Dziennikarze i politycy zauważyli jednak, że w gronie 28 niegłosujących parlamentarzystów Zjednoczonej Prawicy znalazł się sam wiceminister Horała.
"Pan Horała, w ramach merytorycznej pracy, odpowiadając za pędzącą budowę CPK i 'wiceministrowanie', znalazł czas na komentarz. Nie znalazł czasu na udział w głosowaniu, którego komentarz dotyczy" - napisał były premier Marek Belka.
Polityk PiS tłumaczył później, że rząd ma swoje obowiązki, a pierwsze głosowania zaplanowane były na godz. 12. "Być może zabrakło wyobraźni, że nawet w kwestii zwalczania COVID opozycja będzie stosować obstrukcję" - dodał.
"Będę się spodziewał wszystkiego najgorszego"
Marcin Horała był wieczorem gościem Agnieszki Gozdyry w programie "Debata Dnia" w Polsat News. Jak wyjaśnił, nie brał udział w głosowaniu, ponieważ zajmował się "merytoryczną pracą".
- Głosowania nie były zaplanowane na godz. 10, były zaplanowane na 12 i przyznaję: uznałem, że w każdej sprawie możemy spodziewać się obstrukcyjnego wniosku formalnego opozycji - w sprawie sądów, trybunału, 500 plus nawet - ale że w sprawie ochrony zdrowia i życia Polaków, nie przewidziałem tego, biję się w pierś i od tej pory będę się po opozycji spodziewał wszystkiego najgorszego - mówił.
Jak wyjaśnił, o godz. 10 mijał termin składania ofert doradców strategicznych Centralnego Portu Komunikacyjnego, a Horała jest pełnomocnikiem rządu ds. budowy Portu. - Tym się zajmowałem, by być dostępnym, odpowiadać na pytania, wątpliwości - mówił.
- Gdybym wcześniej wiedział, inaczej bym dzień zaplanował - powiedział wiceminister.
Trela zaoferował budzik
Do słów Horały odniósł się Tomasz Trela (Lewica), który poinformował, że przekaże Horale budzik, żeby ten "go miał i zawsze potrafił go sobie nastawić". - On teraz dzwoni.

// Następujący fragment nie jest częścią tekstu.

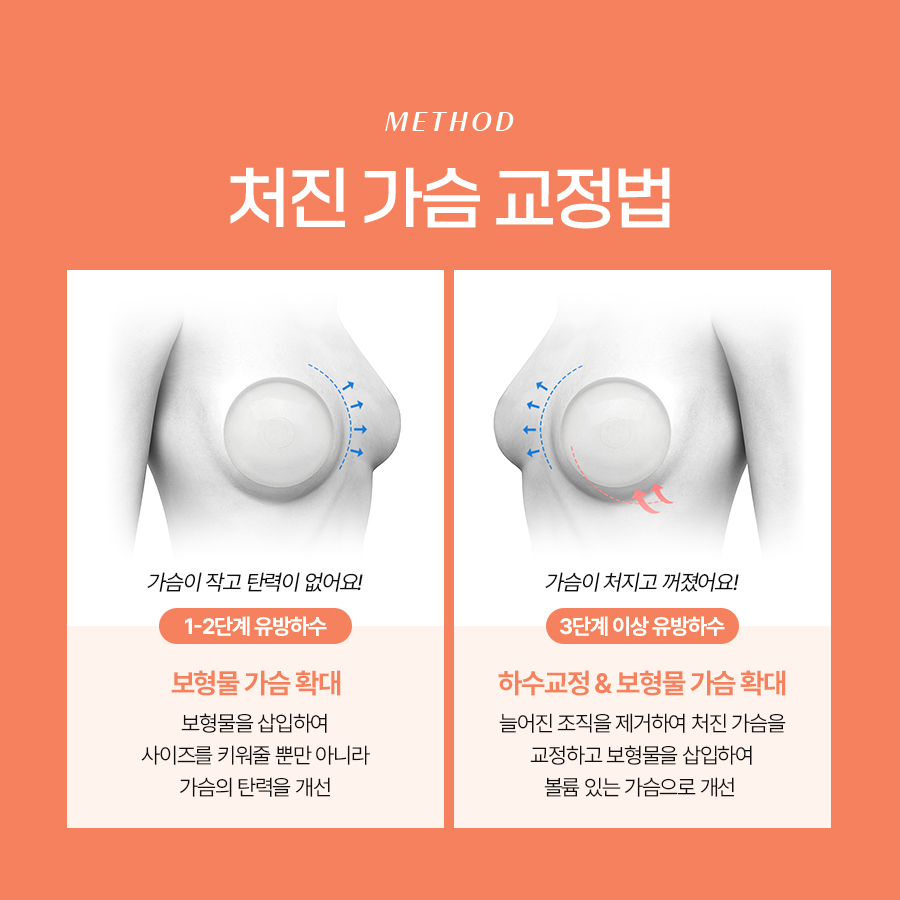 Before Considering Breast Lift Surgery, Why Does Breast Ptosis Occur? image 5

Wyślę go do ministerstwa, żeby minister Horała zawsze już wstawał na głosowanie - wyjaśnił.
- Premiera Morawieckiego, prezesa Kaczyńskiego, ministra Ziobrę, premiera Gowina i ministra Horałę łączy to, że lubią sobie pochrapać do południa i na głosowanie nie poszli. Później się dziwią, że głosowanie przegrali. My tak zagłosowaliśmy, żeby zyskać więcej czasu i móc przepracować te ustawy. Dzisiaj moje koleżanki i koledzy, którzy są lekarzami, pracują nad tymi ustawami, które na ostatnią chwilę zostały wrzucone, żeby po raz kolejny nie przyjmować bubla prawnego - mówił Trela w "Debacie Dnia".